İsrail yandaşı medyadan 'İHH' yalanı
Gazze'ye insani yardım götüren Mavi Marmara saldırısında sonra Türk medyasındaki İsrail yandaşlarının, İHH'ya saldırıları devam ediyor. Daily Telegraph gazetesi'ndeki haberi kim yanlış çevirdi?
15 Yıl Önce Güncellendi
2010-09-20 12:37:00
İsrail yandaşlarının Türk medyasındaki etkisi halen devam ediyor. Gazze'ye insani yardım götürürken korsan İsrail ordusunun saldırısına uğrayan Mavi Marmara gemisinin organizatörü İHH'ya yönelik karalamalar bunun en iyi göstergesi.
İngiliz Daily Telegraph gazetesinde geçen hafta yayımlanan haberde, İran'ın AK Parti'ye 25 milyon doları İHH üzerinden gönderdiğine dair bir ifadenin olmadığı ve bunun Türk medyasının uydurması olduğu ortaya çıktı.
Daily Telegraph gazetesinin haberinin son paragrafında yer alan "Apart transferring funds to the AKP, diplomats say Iran has also agreed to provide financial support for the IHH, the Turkish Islamic charity IHH which supported last May's aid flotilla which ended in disaster when it was intercepted by Israeli commandos, which resulted in the deaths of nine activists" tercümesi şöyle: "Diplomatlar ayrıca, İran'ın AKP'ye para transferinin yanı sıra geçtiğimiz Mayıs ayında İsrail komandolarının baskını ve 9 eylemcinin ölümüyle sonuçlanan Gazze'ye yardım konvoyu eyleminin öncüsü Türk İslami Yardım Örgütü İHH'ya da maddi yardımda bulunmayı kabul ettiğini söyledi."
İngiliz BBC sitesi ise haberin ilgili bölümünü Türkçe sayfasında şöyle verdi; "Daily Telegraph'ın diplomatlara dayandırdığı haberde ayrıca İran'ın yardım kuruluşu İHH'ye maddi destek sağlamayı kabul ettiği iddiasına da yer veriliyor.

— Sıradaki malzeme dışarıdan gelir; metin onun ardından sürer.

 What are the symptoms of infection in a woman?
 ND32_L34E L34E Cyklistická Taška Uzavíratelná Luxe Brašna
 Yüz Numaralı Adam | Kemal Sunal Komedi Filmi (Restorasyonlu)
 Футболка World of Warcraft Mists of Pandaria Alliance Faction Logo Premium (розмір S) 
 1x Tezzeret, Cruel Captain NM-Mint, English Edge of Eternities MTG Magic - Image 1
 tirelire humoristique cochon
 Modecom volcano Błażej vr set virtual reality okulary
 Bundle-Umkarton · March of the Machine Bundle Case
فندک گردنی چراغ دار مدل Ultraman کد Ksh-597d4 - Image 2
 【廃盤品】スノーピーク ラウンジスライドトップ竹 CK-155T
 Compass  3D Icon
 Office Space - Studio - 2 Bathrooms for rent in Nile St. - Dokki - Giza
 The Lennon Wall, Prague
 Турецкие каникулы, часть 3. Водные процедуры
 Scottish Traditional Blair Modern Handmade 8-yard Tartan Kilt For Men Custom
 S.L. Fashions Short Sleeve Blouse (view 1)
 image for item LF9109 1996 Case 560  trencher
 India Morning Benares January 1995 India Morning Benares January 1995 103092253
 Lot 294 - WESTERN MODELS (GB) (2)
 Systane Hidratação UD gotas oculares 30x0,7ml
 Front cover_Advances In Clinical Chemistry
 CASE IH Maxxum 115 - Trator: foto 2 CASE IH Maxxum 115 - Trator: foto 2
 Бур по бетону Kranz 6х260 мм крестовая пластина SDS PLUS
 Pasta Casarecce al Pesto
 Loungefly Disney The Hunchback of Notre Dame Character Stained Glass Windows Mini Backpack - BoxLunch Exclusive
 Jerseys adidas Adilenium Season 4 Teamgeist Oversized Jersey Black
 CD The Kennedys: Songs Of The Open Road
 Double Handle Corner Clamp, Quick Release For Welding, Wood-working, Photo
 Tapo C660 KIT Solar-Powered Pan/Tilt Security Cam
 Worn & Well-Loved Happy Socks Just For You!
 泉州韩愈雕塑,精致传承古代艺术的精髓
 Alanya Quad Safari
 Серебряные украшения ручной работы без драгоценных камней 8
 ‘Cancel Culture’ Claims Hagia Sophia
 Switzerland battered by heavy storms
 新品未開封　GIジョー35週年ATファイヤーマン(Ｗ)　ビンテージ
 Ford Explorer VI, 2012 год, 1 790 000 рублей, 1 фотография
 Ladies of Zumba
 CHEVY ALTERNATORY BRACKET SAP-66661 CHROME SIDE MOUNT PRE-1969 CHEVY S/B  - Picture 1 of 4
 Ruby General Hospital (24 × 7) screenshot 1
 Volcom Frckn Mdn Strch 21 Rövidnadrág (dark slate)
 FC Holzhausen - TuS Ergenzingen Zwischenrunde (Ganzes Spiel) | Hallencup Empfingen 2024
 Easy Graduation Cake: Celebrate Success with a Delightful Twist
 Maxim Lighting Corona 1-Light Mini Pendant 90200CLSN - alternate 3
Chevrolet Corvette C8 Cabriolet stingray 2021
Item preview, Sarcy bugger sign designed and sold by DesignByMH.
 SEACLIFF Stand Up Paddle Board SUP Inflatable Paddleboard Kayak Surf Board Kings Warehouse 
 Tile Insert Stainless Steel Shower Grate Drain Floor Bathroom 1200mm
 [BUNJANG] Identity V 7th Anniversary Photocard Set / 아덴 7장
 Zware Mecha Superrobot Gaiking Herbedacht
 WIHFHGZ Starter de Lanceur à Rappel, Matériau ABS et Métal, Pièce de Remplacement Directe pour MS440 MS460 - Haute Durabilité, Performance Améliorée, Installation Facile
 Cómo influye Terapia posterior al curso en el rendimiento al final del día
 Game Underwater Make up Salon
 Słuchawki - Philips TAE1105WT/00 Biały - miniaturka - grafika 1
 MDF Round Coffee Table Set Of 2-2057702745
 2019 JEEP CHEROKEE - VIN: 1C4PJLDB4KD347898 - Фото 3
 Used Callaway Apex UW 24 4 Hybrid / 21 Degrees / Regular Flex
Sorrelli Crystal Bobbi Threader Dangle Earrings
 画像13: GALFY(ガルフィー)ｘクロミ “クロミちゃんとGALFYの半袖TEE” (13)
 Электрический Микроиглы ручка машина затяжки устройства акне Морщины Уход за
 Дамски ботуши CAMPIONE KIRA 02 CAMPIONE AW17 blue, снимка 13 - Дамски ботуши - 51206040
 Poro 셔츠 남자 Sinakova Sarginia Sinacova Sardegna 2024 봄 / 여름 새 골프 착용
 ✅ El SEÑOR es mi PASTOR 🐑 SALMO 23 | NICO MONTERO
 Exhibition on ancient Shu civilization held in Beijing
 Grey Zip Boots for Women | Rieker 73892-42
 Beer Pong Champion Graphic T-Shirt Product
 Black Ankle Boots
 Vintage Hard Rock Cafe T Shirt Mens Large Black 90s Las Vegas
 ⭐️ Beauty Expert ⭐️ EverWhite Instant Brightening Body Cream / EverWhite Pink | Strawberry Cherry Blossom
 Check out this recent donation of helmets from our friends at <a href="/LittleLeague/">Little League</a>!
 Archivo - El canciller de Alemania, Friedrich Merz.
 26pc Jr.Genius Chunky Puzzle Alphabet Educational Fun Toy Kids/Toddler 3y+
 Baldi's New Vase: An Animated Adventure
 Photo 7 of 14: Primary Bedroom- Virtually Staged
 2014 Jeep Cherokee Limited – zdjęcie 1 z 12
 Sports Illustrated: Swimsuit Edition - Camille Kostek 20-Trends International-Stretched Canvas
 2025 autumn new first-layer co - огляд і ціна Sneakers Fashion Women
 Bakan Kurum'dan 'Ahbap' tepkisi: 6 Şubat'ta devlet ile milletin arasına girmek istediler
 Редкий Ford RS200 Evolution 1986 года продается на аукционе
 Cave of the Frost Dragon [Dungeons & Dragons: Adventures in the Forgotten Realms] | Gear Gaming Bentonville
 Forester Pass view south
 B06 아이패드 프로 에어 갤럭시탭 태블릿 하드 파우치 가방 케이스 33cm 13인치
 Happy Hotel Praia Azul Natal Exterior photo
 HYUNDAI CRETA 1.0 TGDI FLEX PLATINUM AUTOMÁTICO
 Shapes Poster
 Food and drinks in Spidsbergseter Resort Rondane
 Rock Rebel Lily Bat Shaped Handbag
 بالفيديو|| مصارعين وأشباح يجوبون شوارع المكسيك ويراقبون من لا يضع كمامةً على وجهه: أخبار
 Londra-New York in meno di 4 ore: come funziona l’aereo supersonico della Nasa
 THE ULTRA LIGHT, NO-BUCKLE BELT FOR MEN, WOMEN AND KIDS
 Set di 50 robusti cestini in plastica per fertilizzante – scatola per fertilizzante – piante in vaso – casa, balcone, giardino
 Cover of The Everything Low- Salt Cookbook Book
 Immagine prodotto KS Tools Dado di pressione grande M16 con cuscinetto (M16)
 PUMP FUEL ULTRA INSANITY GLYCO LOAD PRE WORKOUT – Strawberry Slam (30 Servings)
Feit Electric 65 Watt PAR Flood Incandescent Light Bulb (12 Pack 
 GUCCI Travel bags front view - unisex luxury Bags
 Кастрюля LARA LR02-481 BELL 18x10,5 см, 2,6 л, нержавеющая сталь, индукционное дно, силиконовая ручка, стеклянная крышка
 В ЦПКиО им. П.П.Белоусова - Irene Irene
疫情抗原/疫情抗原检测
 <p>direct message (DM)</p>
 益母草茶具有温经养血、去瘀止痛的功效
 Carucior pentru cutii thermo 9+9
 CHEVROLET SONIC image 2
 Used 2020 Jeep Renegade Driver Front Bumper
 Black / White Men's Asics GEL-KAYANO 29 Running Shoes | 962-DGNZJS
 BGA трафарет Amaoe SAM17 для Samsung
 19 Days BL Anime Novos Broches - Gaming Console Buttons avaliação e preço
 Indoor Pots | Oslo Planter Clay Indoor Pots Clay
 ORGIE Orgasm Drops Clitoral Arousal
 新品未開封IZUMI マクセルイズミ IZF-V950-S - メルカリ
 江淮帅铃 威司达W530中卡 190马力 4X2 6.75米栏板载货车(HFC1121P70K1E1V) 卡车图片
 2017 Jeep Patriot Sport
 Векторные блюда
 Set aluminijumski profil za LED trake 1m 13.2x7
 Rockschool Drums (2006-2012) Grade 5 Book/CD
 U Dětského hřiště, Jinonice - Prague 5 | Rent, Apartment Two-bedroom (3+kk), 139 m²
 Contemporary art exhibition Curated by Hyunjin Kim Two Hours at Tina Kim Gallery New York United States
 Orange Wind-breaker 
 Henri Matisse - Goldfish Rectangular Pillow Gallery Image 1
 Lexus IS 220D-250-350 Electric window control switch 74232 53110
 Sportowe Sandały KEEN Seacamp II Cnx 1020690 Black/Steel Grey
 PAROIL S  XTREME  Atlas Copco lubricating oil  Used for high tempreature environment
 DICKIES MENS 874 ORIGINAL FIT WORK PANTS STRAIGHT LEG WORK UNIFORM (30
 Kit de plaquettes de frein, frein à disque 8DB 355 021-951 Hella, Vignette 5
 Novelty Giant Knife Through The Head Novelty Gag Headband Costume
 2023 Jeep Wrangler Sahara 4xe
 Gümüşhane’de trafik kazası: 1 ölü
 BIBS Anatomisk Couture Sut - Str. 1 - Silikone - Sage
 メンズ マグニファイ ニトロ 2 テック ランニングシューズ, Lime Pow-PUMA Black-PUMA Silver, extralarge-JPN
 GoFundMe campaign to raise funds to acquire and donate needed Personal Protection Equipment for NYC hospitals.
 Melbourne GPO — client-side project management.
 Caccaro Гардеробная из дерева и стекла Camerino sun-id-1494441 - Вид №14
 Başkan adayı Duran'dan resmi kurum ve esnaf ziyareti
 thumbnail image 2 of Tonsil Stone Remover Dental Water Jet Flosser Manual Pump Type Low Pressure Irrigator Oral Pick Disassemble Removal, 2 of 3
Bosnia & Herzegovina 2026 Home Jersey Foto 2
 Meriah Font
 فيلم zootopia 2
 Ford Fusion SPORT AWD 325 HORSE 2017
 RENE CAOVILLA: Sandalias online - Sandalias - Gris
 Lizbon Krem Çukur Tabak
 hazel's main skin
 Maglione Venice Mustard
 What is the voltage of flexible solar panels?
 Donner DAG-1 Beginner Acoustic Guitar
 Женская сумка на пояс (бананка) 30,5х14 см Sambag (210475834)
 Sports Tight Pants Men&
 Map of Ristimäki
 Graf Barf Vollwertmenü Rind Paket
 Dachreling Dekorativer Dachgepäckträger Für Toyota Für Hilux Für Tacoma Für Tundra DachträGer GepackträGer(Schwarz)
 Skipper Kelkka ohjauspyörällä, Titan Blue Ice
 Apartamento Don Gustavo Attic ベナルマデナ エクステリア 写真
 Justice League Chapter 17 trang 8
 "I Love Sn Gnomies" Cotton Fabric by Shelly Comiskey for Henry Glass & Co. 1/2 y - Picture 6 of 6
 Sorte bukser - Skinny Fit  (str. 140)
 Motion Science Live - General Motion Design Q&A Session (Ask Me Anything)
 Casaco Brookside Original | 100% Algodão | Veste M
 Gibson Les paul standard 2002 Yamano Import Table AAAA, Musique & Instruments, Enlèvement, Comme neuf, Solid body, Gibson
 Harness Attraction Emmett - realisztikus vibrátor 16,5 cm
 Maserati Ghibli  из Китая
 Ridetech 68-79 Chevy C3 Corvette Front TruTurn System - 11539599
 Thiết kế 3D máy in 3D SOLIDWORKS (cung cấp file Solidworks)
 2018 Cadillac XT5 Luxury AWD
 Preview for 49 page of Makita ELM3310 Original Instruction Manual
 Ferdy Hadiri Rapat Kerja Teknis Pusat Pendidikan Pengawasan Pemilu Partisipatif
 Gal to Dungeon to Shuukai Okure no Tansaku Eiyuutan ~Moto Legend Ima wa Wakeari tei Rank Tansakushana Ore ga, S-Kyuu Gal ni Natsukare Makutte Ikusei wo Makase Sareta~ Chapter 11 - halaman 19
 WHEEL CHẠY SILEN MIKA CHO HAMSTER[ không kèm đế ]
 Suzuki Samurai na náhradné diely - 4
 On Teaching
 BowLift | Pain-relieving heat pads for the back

İHH Parayı transafer etti yalanını kim uydurdu?
Peki, haberin aslında transfer eden ile ilgili bir bilgi olmamasına rağmen Türk medyasına parayı İHH transfer etti yalanını kim sızdırdı?
Haberin veriliş ve işleniş tarzı bile Türk medyasında İsrail yandaşlarının hâlâ etkin olduğunu gösteriyor.
Açık Gazete'den İrfan Taştemur'un konuyla ilgili yorum analizini aşağıda yayımlıyoruz:
Daily Telegraph haberi neden yaptı?
AK Parti ile The Daily Telegraph kapışmasını, AKP'nin ve onun kurdurduğu İnsani Yardım Vakfı'nın İran'dan para ve destek alıp almadığını bir kenara bırakıp gazeteci Akyıldız'ın sağlama yöntemiyle aslında neler olduğunu anlamaya çalışalım.
- Gazze'ye yardım konvoyu gönderilmesi eylemi İran ve Türkiye (AKP hükümeti) arasındaki ilişkileri güçlendirdi, İsrail'i, Batı'yı (İngiltere ve Avrupa Birliği) ve ABD'yi rahatsız etti.
- Türkiye'nin (AKP hükümetinin) İran'ın nükleer programına destek verip kefil olması ve İran'la yakınlaşması Amerika'nın canını sıktı.
- İsrail, Batı (İngiltere ve Avrupa Birliği) ve ABD Ortadoğu'da Türkiye'nin (AKP'nin) yeni anayasa değişikliğiyle elde edeceği olağanüstü yetki ve güçle bölgedeki bütün güç dengelerini bozacak yeni bir İslam devletine dönüşmesinden endişeliler.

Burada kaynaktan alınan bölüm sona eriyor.